# Plot cubic root which includes the negative graph [duplicate]

Possible Duplicate:
Finding real roots of negative numbers (for example, $\sqrt$3${-8}$)

Yes, I know there are other Threads which have similar questions and yes I read them but I am just not able to solve the problem. Please help me I am totally at the limit with this :(

How do I plot a cubic root in Mathematica, where also the negative graph is shown?

NOTE: Threads I have found and not understood

How to plot imaginary part of a function

Finding real roots of negative numbers (for example, $\sqrt[3]{-8}$)

Plotting Complex Quantity Functions

• The second question you linked to would definitely be a duplicate. Why not explain what you did not understand about any of those threads? Something you specifically had trouble with, perhaps? – J. M. is in limbo Sep 28 '12 at 17:02
• Using one of the linked questions, one might be inspired to try Plot[Root[#^3 - x &, 1], {x, -2, 2}], which works. – whuber Sep 28 '12 at 17:04

The simplest solution to this type of problem is usually to use a function like Solve or NSolve to generate solutions to an equation, which can then be plotted.

In this case, I would do the following:

Plot[p /. NSolve[p^3 == x, p, Reals], {x, -10, 10}]


All I am doing is plotting p such that p is a solution to p^3 == x.

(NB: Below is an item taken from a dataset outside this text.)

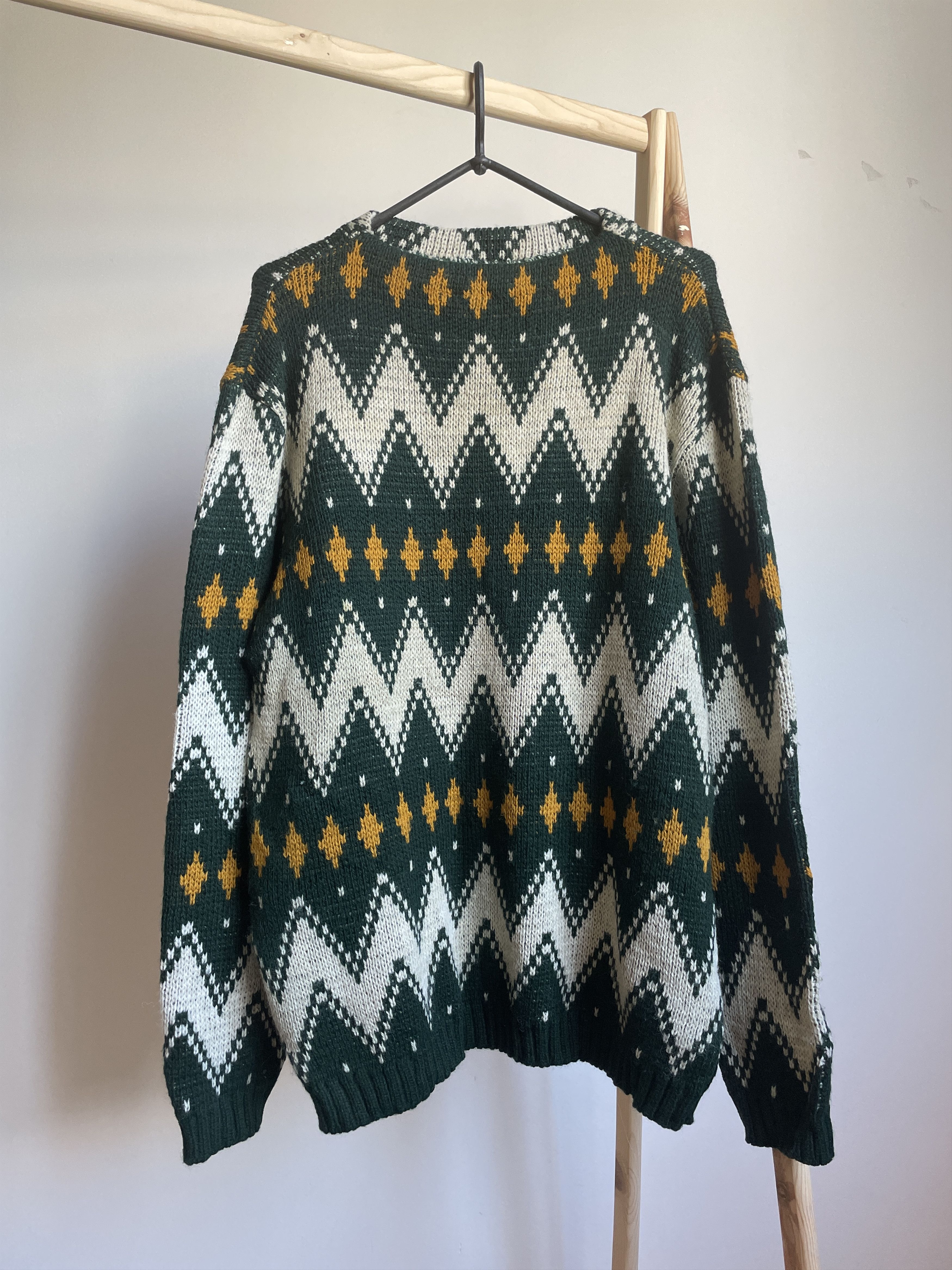 Vintage Palmett Vintage 90's Unisex Norwegian Pattern Wool Sweater Size US L / EU 52-54 / 3 - 1 Thumbnail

NSolve allows me to force the result to be a real number.

This is a (very) minor variation on the techniques mentioned in solutions that you link in your question.

I recommend that you read this link for more information on why Mathematica does what it does. Essentially, real numbers have unique cube roots, but (non-zero) complex numbers have 3 distinct roots. Mathematica assumes that all symbols are complex, so it has a choice about which of the 3 roots it could return. For reasons explained in the link, Mathematica chooses the complex root with a positive imaginary part.

In version 9, one now has the new functions CubeRoot[], which returns real-valued cube roots of real numbers (and does not evaluate for complex arguments), and the more general Surd[]. See the documentation for details.